Government firm, tells pilots to return to duty

Air India has incurred a loss of nearly Rs. 150 crore due to the strike, Ajit Singh tells Lok Sabha

May 15, 2012 12:01 pm | Updated December 04, 2021 11:11 pm IST - New Delhi

On the eighth day of the agitation by the pilots of the ailing Air India, which has thrown the national carrier's international flights into total disarray, the government promised on Tuesday to look into their grievances but asked them to report for duty.

As the Opposition and the Left parties gunned for Civil Aviation Minister Ajit Singh in the Lok Sabha, he asserted that Air India would have to perform to get a bailout package from the government. He said the airline had incurred a loss of nearly Rs. 150 crore due to the strike. Air India is to get a Rs. 30,000 crore package spread over the next few years, provided it reached certain milestones and met performance parameters.

As part of its contingency plan, Air India has curtailed and clubbed many of its flights to the U.S. and Europe in a bid to bring some semblance of stability in its international operations. The flight cancellations during the peak holiday season has hit the travel plans of hundreds of passengers.

The national carrier will operate daily return services with Boeing 777-300 extended range aircraft to Europe and the U.S. Instead of operating separate flights to the U.S. and Europe, Air India will now fly on Delhi-Paris-New York, Delhi-Frankfurt-Chicago and Delhi-London sectors under a contingency plan that will be put in place from May 16 to May 20.

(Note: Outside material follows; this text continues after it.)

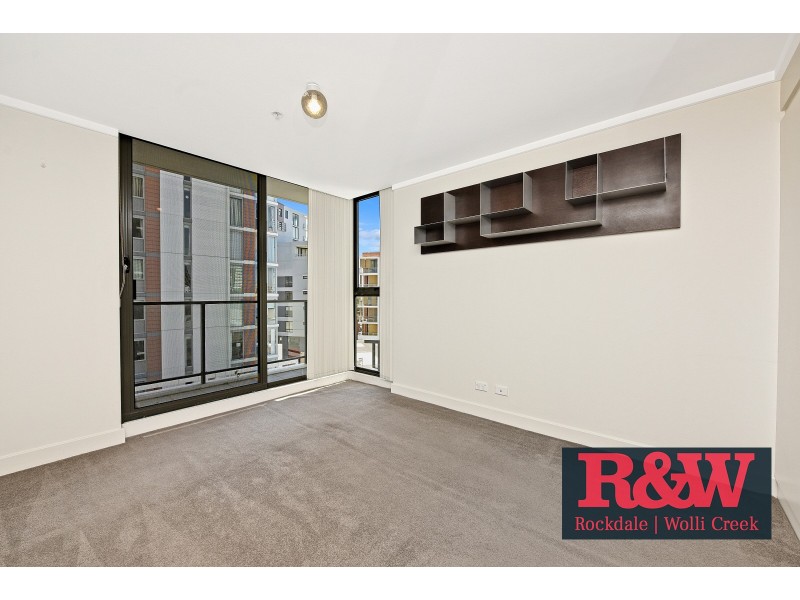 A405/35 Arncliffe Street, Wolli Creek NSW 2205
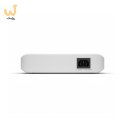 Switch Ubiquiti UniFi Lite 16 PoE 16p PoE ( PoE+: 8;) Managed Gigabit (USW-Lite-16-PoE-EU)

“We will be operating a minimum number of flights by clubbing flights to the U.S. and European destinations,” an Air India official said.

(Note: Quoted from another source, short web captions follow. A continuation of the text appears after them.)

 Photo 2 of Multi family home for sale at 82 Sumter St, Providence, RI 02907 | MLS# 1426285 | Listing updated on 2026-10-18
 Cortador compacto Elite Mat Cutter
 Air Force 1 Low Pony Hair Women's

The Delhi-Paris flight has been clubbed with Delhi-JFK (New York). The flight will leave Delhi, land in Paris and then go onwards to New York and back to Delhi. The airline has also stopped bookings on its ultra long-haul routes till Thursday.

The national carrier will operate 21 daily flights from Delhi, Mumbai, Chennai, Hyderabad, Thiruvananthapuram, Kozhikode, Ahmedabad and Bangalore to Singapore, Bangkok, Dubai, Sharjah, Abu Dhabi, Bahrain, Dammam, Muscat and Male. It will also operate two daily flights between Delhi and Kathmandu.

Air India will operate four flights a week between Mumbai and Jeddah and three flights a week between Delhi and Jeddah and Delhi and Shanghai. There will be twice weekly operations in the Mumbai-Hyderabad-Jeddah, Kochi-Kozhikode-Jeddah, Mumbai-Riyadh, Riaydh-Kochi, Delhi-Tokyo, and Dalhi-Riyadh routes, the airline said in a statement.

It said all domestic operations were sticking to the normal schedule and there were no disruptions.

Mediation offer

In a related development, seven Air India unions, in a letter to Mr. Singh, have offered to mediate to break the impasse. The joint forum of AI Service Engineers' Association, AI Aircraft Engineers' Association, AI Officers' Association, AI Cabin Crew Association, AI Employees' Union, AI Engineer's Association and Air Corporation Employee's Union have sought his intervention as the “head of the family.”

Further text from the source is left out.